**SUPPLIED MATERIAL:**

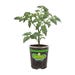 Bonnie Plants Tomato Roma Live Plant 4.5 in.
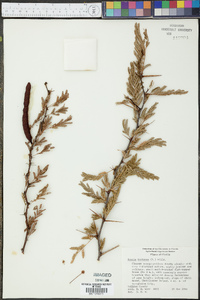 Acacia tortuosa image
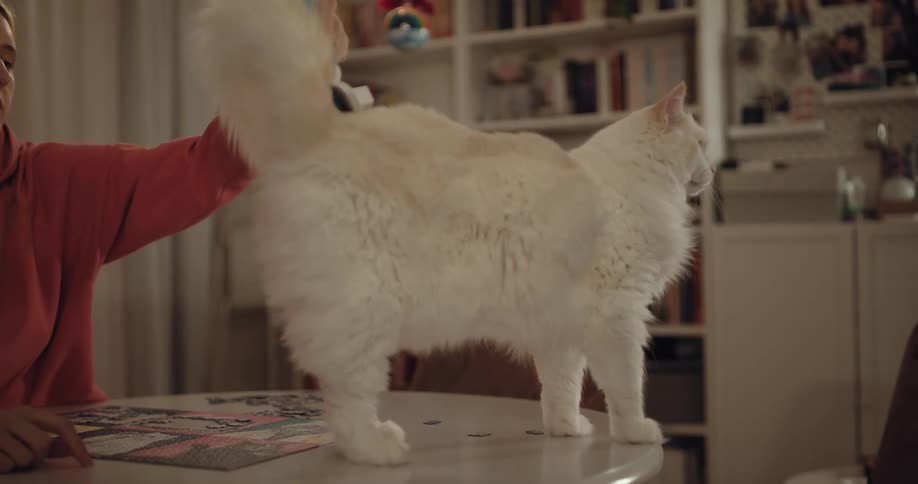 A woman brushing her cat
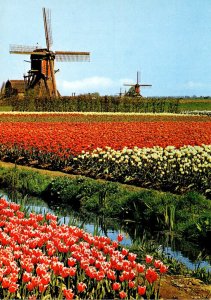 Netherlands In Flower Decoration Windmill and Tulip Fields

**EXERCISE AIM:**
Print every line of the listing exactly, please, and leave the images out.

**YOUR SOLUTION:**
 Bonnie Plants Tomato Roma Live Plant 4.5 in.
 Acacia tortuosa image
 A woman brushing her cat
 Netherlands In Flower Decoration Windmill and Tulip Fields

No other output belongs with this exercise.